Il capoluogo lombardo festeggia in duplice anniversario nascita e scomparsa di uno dei suoi figli più illustri, il romanziere e drammaturgo Emilio De Marchi. Forse per certuni suoi concittadini tuttora nell’alveo ombroso della misconoscitudine, invero il nostro veste nobili paramenti di ragguardevole prestigio nello scenario della letteratura tardo – ottocentesca, immerso in un provincialismo smaccatamente décadent contiguo al tramonto dei grandi ideali romantici nonché risorgimentali europei.
Il De Marchi nacque dunque a Milano nel 1851 ed alla stregua medesima nel destino di molti uomini sensibili alle arti deve la propria vocazione alla figura materna, ferma lumeggiante lanterna nella sua formazione e crescita. Smaliziato liceale al classico Beccaria, in totale autonomia terminò gli studi universitari laureandosi in Giurisprudenza.
Giovine estroso deliberatamente non conforme alle palafitte convenzionali della piccola borghesia materialista e gretta, partecipò alla disordinata stagione della Scapigliatura milanese in seguito tuttavia amaramente pentendosene e riedendo con il pensiero delle origini: una sorta di cristiana pietas per ogni creatura vivente acquisita grazie alle tenere conversazioni salottiere intrecciate con la madre sin dalla più acerba infanzia.
Alternò egli l’attività di romanziere e drammaturgo a tempo perduto con la vera professione di educatore.
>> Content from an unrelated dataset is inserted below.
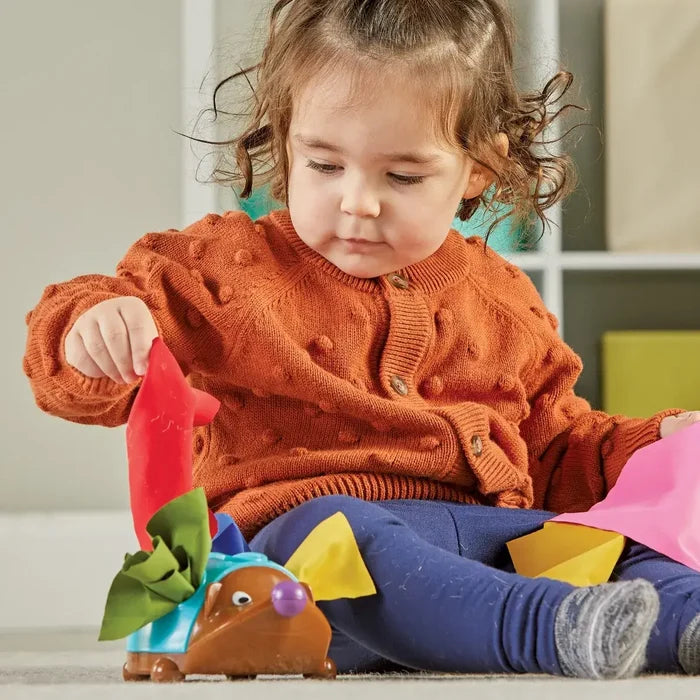Toddler pulls colorful fabric squares from a brown and teal hedgehog toy with a purple nose.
Morì nel 1901 d’emblée appena cinquantenne, lasciando la amatissima moglie Lina con i due figli.
Già nel titolo del primo romanzo Due Anime in un Corpo (1878) è possibile cogliere una ambigua oscillazione nella personalità dell’autore, in funambolico bilico fra la ribelle viziosa bohème di scapigliato etilista ed un ripiegamento pensoso su sé stesso, introvertito vòlto a cogliere con dagherrotipico realismo la quintessenza del vivere. Questa nuance sfumata, una tonalità morbida diverrà nel quadro della sua poetica di gran lunga dominante, accostandosi egli con raccesa sensibilità al sottobosco informe della Milano abitata da mendicanti, oppressi, meretrici, delinquenti, martinitt: tematica sì cara ai prosatori lombardi: dalle sventure del povero Giuannin di Carlo Porta sino alle esilaranti, tragicomiche giullarate buffe recitate in grammelot da Dario Fo, citando naturalmente l’eccellenza nella resa della prosa a ritrarre il contadinato fra le pagine dei manzoniani Promessi Sposi.
Per tal cagione il De Marchi è reputato al pari di Giovanni Verga un maestro del Verismo, la versione squisitamente italiana del Naturalismo francese.
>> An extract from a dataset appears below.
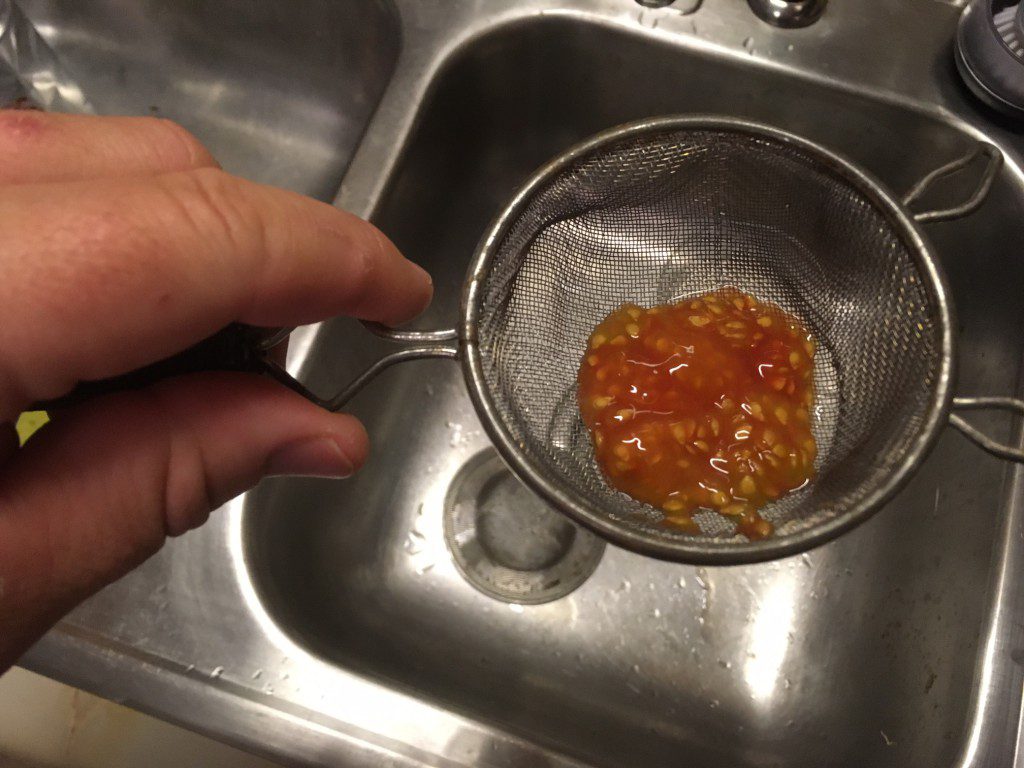 Tomatoes need a fermentation process to separate the seed from the mucous.  Start by scooping out a bunch of seeds into a glass jar.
Con La Bella Pigotta (1890) il nostro stende su carta quel che la critica letteraria considera il capolavoro, rappresentando su tela mediante tenue pennellate non scevre di sgargiante umorismo taluni mirabili ritratti di impiegati milanesi in bretelle e manichette, vittime dei soprusi arroganti del padronato lungo un ménage esistenziale condotta nella frenesia nevrastenica scartabellata alla rinfusa d’uno schedario d’ufficio: mosaico esemplare della nostra quotidiana routine dipinto tramite una terminologia profetica oltre un secolo fa.
Nel seguente Arabella (1893) egli prosegue idealtipicamente – strictu sensu weberiano – la ritrattistica grottesca della iconica milanesità del tempo, illustrando questa volta con sfumature maggiormente delicate, intimiste, con penetrazione psicologica talaltri confusi intrecci sentimentali insiti in qualsivoglia anima umana, preannunziando ante litteram quelle profonde immersioni nell’inconscio freudiano invero sì frequenti nei movimenti artistici del Novecento.
Un assoluto gigante come Luigi Pirandello deve alla mise en scène della ultima creazione demarchiana Il Redivivo (1896) le sue prime fortune di geniale autore teatrale, segno tangibile del ruolo da protagonista declamato a gran voce dal novelliere e drammaturgo milanese sul proscenio della decadente fin de siècle à l’italienne.